The Row Match method is the oldest and original method of extracting table data in Grooper. As such, not much has changed from previous versions. However, there are two other table extract methods available in Grooper now, Header-Value and Infer Grid. These methods provide functionality either not available to Row Match, or make configuring table extraction much simpler for certain use cases.

Use Cases

The Row Match method is perfectly suited for fairly simple table structures. Spreadsheets with or without table lines are great candidates for the Row Match method. It is often the first "go-to" method of many Grooper designers due to its simplicity to set up and configure.

If you are processing a large number of the same report (or even very similar reports in some cases) over and over where the table structure remains consistent, Row Match is usually the best way to target and extract tabular data. It's easy to set up (often just using a single regular expression pattern). There are most often fewer objects to create and configure than other methods. This gives it the benefit of being computationally efficient as well.

Row Match has the added benefit of not relying on labels for each column header to model the table's structure.

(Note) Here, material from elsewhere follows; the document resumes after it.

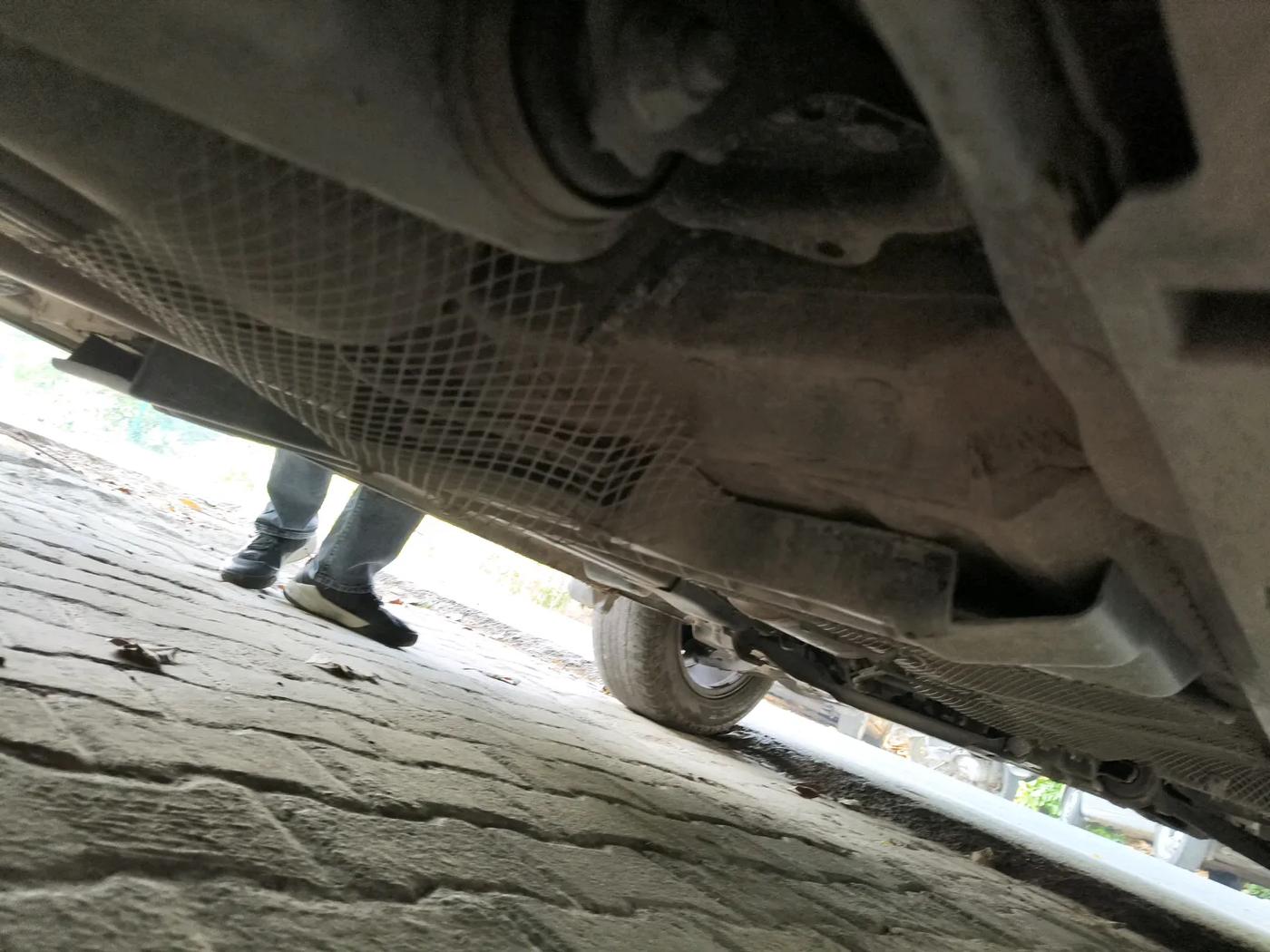 2021 Tata Harrier XZA 2.0L DARK EDITION, Diesel, Automatic, 1,58,132 km, interior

While most tables do have column headers, some don't. Row Match can produce results in those cases where other methods such as Header-Value rely on that information.

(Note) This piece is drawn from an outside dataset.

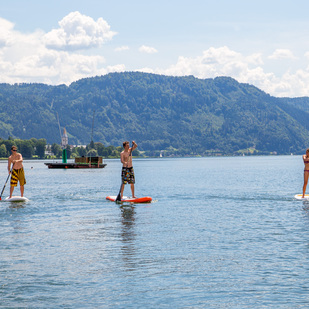 Ossiacher See 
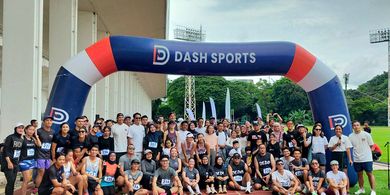 Rayakan World Rare Disease Day 2024, Dash Sports Hadirkan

However, once the table's structure starts to change from document to document, a different approach may be needed. Different parties are going to structure tables however they want, which is well outside your control. Think of all the different ways an invoice can be structured. While the information you want is present in all the different tables, how that data is presented may not be consistent. Even just the column location changing can present problems for this method. A row extractor using a single pattern may not be able to do the job (or a complicated row extractor accounting for multiple row formats may need to be used). For these situations, the Header-Value method may be easier to configure and produce better results.

Optional data columns, where values may or may not be present in a cell can complicate things as well. Again, a simple row extractor using a single regex pattern may not do the trick. While a more complicated extractor may successfully extract the table's information, the Header-Value or Infer Grid methods may be simpler to set up and produce the same or even better results.

These are different Oil and Gas Production Reports from various sources. Each one organizes information differently into tables in different ways. Row Match would work just fine for each individual document. However, while the same information exists on each document, there's enough variability in the table structures that Row Match may not be suited for processing the whole document set (Header-Value produces a better result).